Three more new sushi spots to try
Sushi Takezo
The space that was kaiseki restaurant Matsu’s first home is now a six-seat sushi restaurant from Takeshi Murakami, previously head sushi chef at The Langham. He’s using connections with seafood suppliers to source premium fish for omakase banquets, served with sake or French wine.
157A Barkly Street, Footscray, sushitakezo.com.au
Kaiten Sushi Train
There are two speeds of food delivery at this Chaddy spot. The slow train trundles on its loop with better-than-average sushi dishes: spy and try. There’s also a fast train that hurtles down an elevated track to deliver food you’ve ordered from a touch screen. That might be premium sushi, rice dishes or fried chicken.
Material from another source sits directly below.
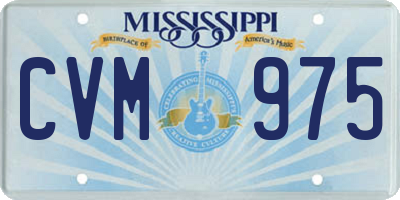 MS license plate CVM975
Chadstone Shopping Centre, 1341 Dandenong Road, Chadstone, kaitensushi.com.au
Doma Eatery
New in the east, this daytime cafe has a serious approach to coffee and a Japanese fusion menu – think soy butter spaghetti and a fried chicken burger with teriyaki sauce – as well as a couple of sushi handrolls. The crumbed prawn roll is smooshed with paprika aioli and tempura batter scraps for extra texture.